O que Feige trará à mesa?

Primeiramente, precisamos entender que Kevin Feige não deve substituir Kathleen Kennedy no comando de Star Wars. Não seria possível que o produtor chefiasse duas grandes franquias paralelamente, ainda mais considerando que o MCU só vai ficar maior com a chegada de X-Men, Quarteto Fantástico e mais uma penca de super-heróis que também serão apresentados no streaming do Disney+. Nem todos podem ser como Ryan Murphy, afinal.

Como a maior conquista do MCU é mesmo sua longa narrativa de filmes interconectados, acredito que a Disney exigirá justamente isso de Feige para Star Wars.

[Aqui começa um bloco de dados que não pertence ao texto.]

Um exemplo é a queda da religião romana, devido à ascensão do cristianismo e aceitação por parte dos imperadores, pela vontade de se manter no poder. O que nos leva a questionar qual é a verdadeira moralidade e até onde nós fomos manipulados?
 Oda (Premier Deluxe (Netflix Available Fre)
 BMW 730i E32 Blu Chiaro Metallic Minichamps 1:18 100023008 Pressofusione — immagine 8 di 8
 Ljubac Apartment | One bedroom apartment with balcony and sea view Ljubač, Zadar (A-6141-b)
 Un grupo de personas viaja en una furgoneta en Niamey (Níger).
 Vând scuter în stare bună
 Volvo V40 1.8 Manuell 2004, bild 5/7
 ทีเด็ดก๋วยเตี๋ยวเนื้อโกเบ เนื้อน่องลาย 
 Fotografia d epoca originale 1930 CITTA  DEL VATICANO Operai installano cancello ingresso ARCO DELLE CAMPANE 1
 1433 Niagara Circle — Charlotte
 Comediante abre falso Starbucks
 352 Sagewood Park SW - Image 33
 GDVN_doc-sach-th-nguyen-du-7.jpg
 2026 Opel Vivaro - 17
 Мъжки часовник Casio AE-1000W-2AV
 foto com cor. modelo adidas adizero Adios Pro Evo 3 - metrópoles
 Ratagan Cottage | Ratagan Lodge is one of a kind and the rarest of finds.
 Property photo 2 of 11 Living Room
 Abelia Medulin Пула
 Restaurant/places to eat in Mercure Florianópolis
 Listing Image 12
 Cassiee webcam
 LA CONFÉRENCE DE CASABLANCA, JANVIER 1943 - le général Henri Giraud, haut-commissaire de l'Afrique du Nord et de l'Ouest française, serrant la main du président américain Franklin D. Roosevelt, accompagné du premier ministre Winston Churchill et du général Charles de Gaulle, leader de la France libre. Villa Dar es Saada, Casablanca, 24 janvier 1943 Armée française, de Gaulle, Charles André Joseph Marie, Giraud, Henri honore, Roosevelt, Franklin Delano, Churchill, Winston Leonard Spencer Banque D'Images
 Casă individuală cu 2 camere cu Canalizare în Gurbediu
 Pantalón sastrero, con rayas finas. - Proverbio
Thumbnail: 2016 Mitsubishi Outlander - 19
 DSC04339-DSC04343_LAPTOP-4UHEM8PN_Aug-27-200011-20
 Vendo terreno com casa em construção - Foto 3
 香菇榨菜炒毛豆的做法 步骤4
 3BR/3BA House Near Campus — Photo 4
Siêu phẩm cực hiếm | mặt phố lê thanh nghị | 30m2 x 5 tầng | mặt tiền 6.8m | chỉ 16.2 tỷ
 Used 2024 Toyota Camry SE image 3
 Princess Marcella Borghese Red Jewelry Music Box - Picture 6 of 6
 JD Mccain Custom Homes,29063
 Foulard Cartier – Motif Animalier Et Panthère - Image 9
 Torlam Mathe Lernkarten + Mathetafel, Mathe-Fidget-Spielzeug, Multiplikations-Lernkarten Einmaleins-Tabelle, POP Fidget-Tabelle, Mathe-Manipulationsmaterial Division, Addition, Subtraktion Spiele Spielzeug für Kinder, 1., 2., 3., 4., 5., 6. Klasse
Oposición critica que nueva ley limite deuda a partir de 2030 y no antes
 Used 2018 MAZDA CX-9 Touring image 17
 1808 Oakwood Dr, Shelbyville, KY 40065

Diversos projetos seguem em desenvolvimento, e o produtor talvez ajude Kennedy e Alan Horn a criar um “multiverso” de possibilidades de histórias na saga – assim como começar sua própria narrativa, podendo ser ambientada na era do Império, Guerras Clônicas ou – esperamos – começar algo completamente novo após os eventos de A Ascensão Skywalker. Assim como Kylo Ren afirma em Os Últimos Jedi, é hora de se desapegar do passado.

A entrada de Feige em Star Wars pode render bons frutos. Meu único medo está no pior fator do MCU: os diretores. É um fato que Feige coloca a uniformidade da narrativa do universo antes de marcas autorais, geralmente contratando diretores indie e com pouca experiência no mercado, e que não são exatamente os mais criativos em execução visual. Nesse quesito, eu detestaria ver Star Wars no mesmo filtro chapado e sem vida da maioria das produções do MCU, então que ao menos Kennedy mantenha-se responsável na área de diretores.

Mas é um futuro interessante para a saga Star Wars, que definitivamente precisa ganhar o coração dos fãs novamente.